Caption-style text data:

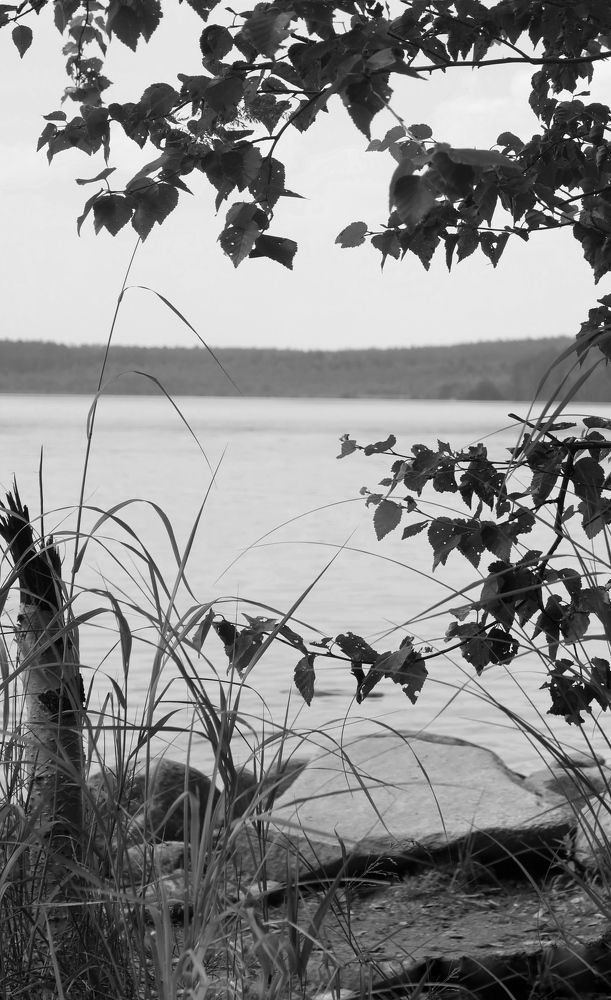 Photograph by Юлия Майкова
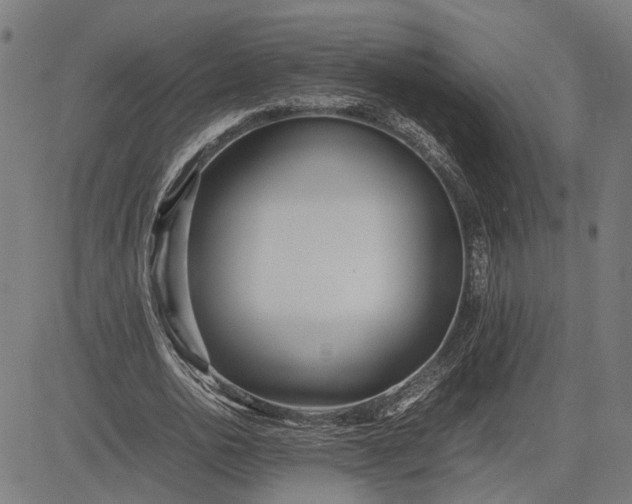 X0000082700726200702091722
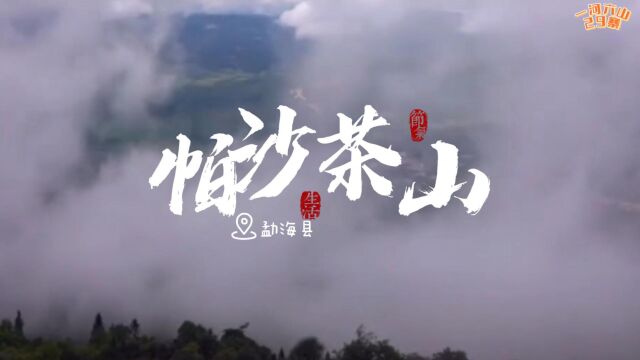 勐海六大古茶山之帕沙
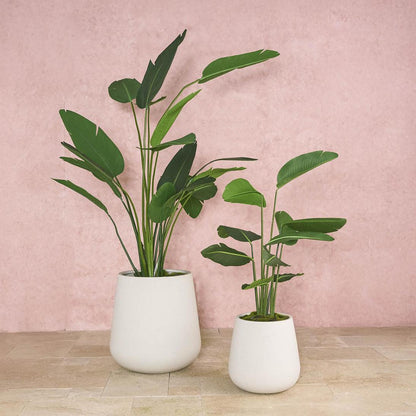 Quincy Planter Set of 3 White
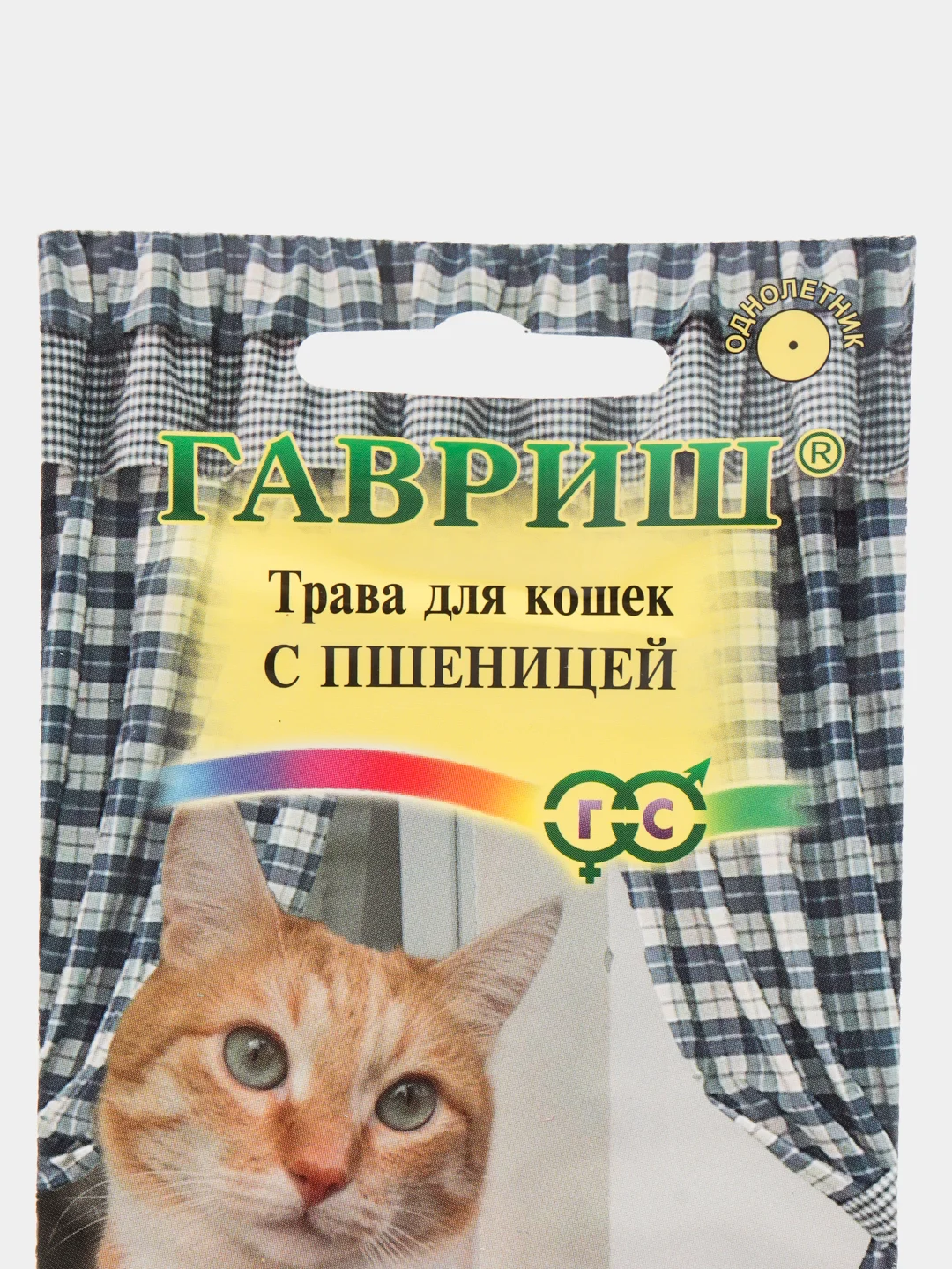Трава для кошек с пшеницей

About this exercise: Return every record exactly, leaving out the pictures.

The answer:
 Photograph by Юлия Майкова
 X0000082700726200702091722
 勐海六大古茶山之帕沙
 Quincy Planter Set of 3 White
Трава для кошек с пшеницей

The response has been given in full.